Dawson, A.E., Wymbs, B.T., Marshall, S.A., Mautone, J.A., Power, T.J.

This paper reports on the extent to which parental ADHD impacts child and parent functional outcomes of a multimodal family-school intervention designed to boost academic performance of 139 school-aged children with ADHD.   The initial results of this randomized controlled trial (N = 199) comparing an experimental intervention, the Family School Success Program (FSS) to an active-control condition, Coping with ADHD through Relationships and Education (CARE), revealed that participants in each group showed gains in the primary targeted outcomes.  For children, these included rates of completing homework, academic productivity, and symptoms of ADHD and oppositional defiant disorder (ODD) as measured by the Swanson, Nolan and Pelham Questionnaire (SNAP).  Parental outcomes included parents’ view of their efficacy as their child’s educator, quality of the parent-teacher relationship, and quality of the parent-child relationship.  While both groups showed improvements, there were modest treatment effect sizes seen in the FSS group as compared to the CARE group in ratings of homework performance, self-reported parenting practices, and overall quality of school-family relationships (Power et al, 2012).   The last two outcomes were also better in the FSS group at a follow-up assessment conducted by the researchers three months after the conclusion of the study.  

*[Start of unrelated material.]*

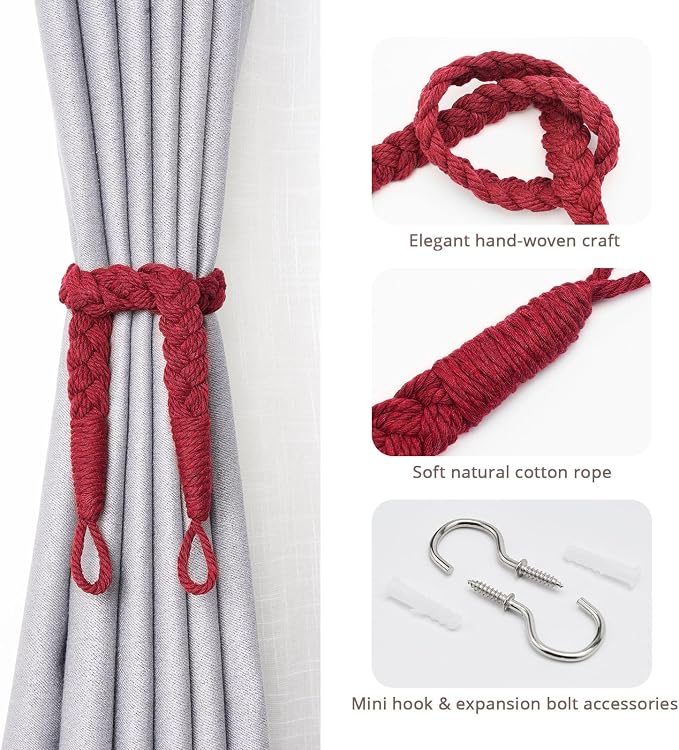 NICEEC 4 Pack Natural Cotton Rope Curtain Tiebacks Elegant Boho Style - Image 2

Given growing concern regarding the role that parental ADHD may play in moderating the effectiveness of treatments for children with ADHD (a topic that is thoroughly reviewed in the introduction section of this paper), these investigators went on to examine the impact of parental ADHD symptoms on the study’s outcomes.  Parental ADHD was determined by administering a self-report scale, the Conners’ Adult ADHD Rating Scale (CAARS) to 139 of the parent participants in the study.  Both dimensional and dichotomous ADHD variables were created but only the latter was used in the analysis because of the small size of the ADHD group (N = 23, or roughly 16% of the total).    Results showed that parental ADHD did not affect treatment outcome for either the experimental (FSS) or the control (CARE) condition at the end of the study period.  However, at the three month follow-up assessment, parental ADHD was associated with declines in treatment gains only in the FSS group, particularly in the quality of parent-teacher relationship and the child’s homework performance.  This finding surprised the investigators who hypothesized that ADHD parents in both groups would show declines in outcomes as compared to non-ADHD parents.   They concluded that the control condition may have provided ADHD parents with greater opportunities to develop strategies and to practice problem-solving skills on their own, whereas ADHD parents in the experimental condition might have become overly dependent on study clinicians to implement the parenting practices that were the focus of the intervention.  

This study illustrates the importance of modifying parent-focused treatment interventions to the specific characteristics of the patient and family.  In particular, when parents of ADHD children also exhibit the symptoms of ADHD, it may be helpful to provide additional opportunities for them to develop strategies, cultivate resources, and practice parenting skills aimed at helping their ADHD children succeed at school.

CAARS = Conners’ Adult ADHD Rating Scale

CARE = Coping with ADHD through Relationships and Education

FSS = Family School Success Program

 

Power, T.J., Mautone, J.A., Soffer, S.L. Clarke, A.T., et al (2012). “A family-school intervention for children with ADHD: Results of a randomized clinical trial.” Journal of Clinical Child and Adolescent Psychology. 80: 611-623 DOI: 10.1037/a0028188.